@Daftasabroom
Make sure you get one with a top cutlery tray.
I would say do NOT get one with a cutlery tray.
We recently took delivery of a Siemens dishwasher, not our first choice but stock was low. Not a wise choice either and very much regretted as although the build quality is good it is cluttered with ridiculously fussy and useless features.
The cutlery tray is badly laid out and you need a certain kind/shape of cutlery in order to fit in on, it took far too long to fiddle about with it. I have since ditched it. Another reason being that in order to wash a tallish glass I had to fold one of the glass racks down and tilt the glass, a lot, otherwise the cutlery tray would hit the glass. Replaced tray with a normal basket.

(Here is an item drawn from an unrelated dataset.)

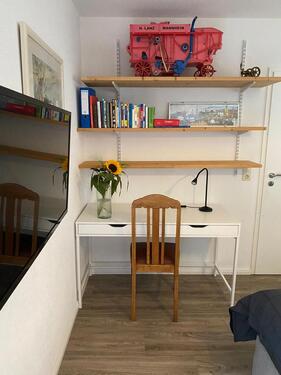Foto - 3 Zimmer Erdgeschoßwohnung in Husum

Due to the cutlery tray taking up useful space in the top I discovered that plates in the bottom were in the way of the arm at the top so had to fiddle about to try and get the top rack higher up. There is a choice of heights, I have yet to discover whether it is high enough.
There are so many buttons it takes a long time to figure it all out, has to be set up first and the manual is comprehensive which is good, but it is akin to reading War and Peace. The buttons are pretty much impossible to see, so you have to bend down to see which is which until you are familiar with them. Some of them we will never need. They are invisible until you set the machine, when they will all light up like a funfair. A line of pretty bright blue flashing away menacingly. If you try to change the timer once set, you will think the day of reckoning has arrived, they will all flash non stop, and ignore all attempts to stop them until you get the manual and look up the problem, great fun when all you want is to go to bed and sleep.
Now, this stuff is possible to accept, although a complete waste of time and it has been like a 'build your own dishwasher' game. What is not acceptable is the failure of the stupid thing to actually dry anything, on any setting and then leave it dry.
It completes a cycle and apparently dries. If you arrange your day or night so that you can be there as it finishes you might just catch it when some of the contents are dry and manage to remove them. If you use it normally you will return to find that it has gone past the so-called drying stage and filled with a huge amount of condensation which has made every single item soaking wet. Leaving it in there for longer makes no difference. I bitterly regret wasting so much money on such a useless lump of crap as I now have to unload soaking wet washing up into a drainer every day instead of at least being able to put some of it straight into the cupboards. The 'dishtowel hack' does not work, neither does leaving the door open.
So, I would say, read reviews, independent ones as well as the ones on the site where you are looking to buy because they tend to only publish the good ones. It is a new energy saving drying system and you might struggle to avoid it so I will say this - if you want a dishwasher that actually does the job it is meant to do ie: wash AND dry, do NOT get a Siemens dishwasher. (Now the same company as Bosch).
It is quiet though, apart from sometimes sounding as if it is crying quietly in pain.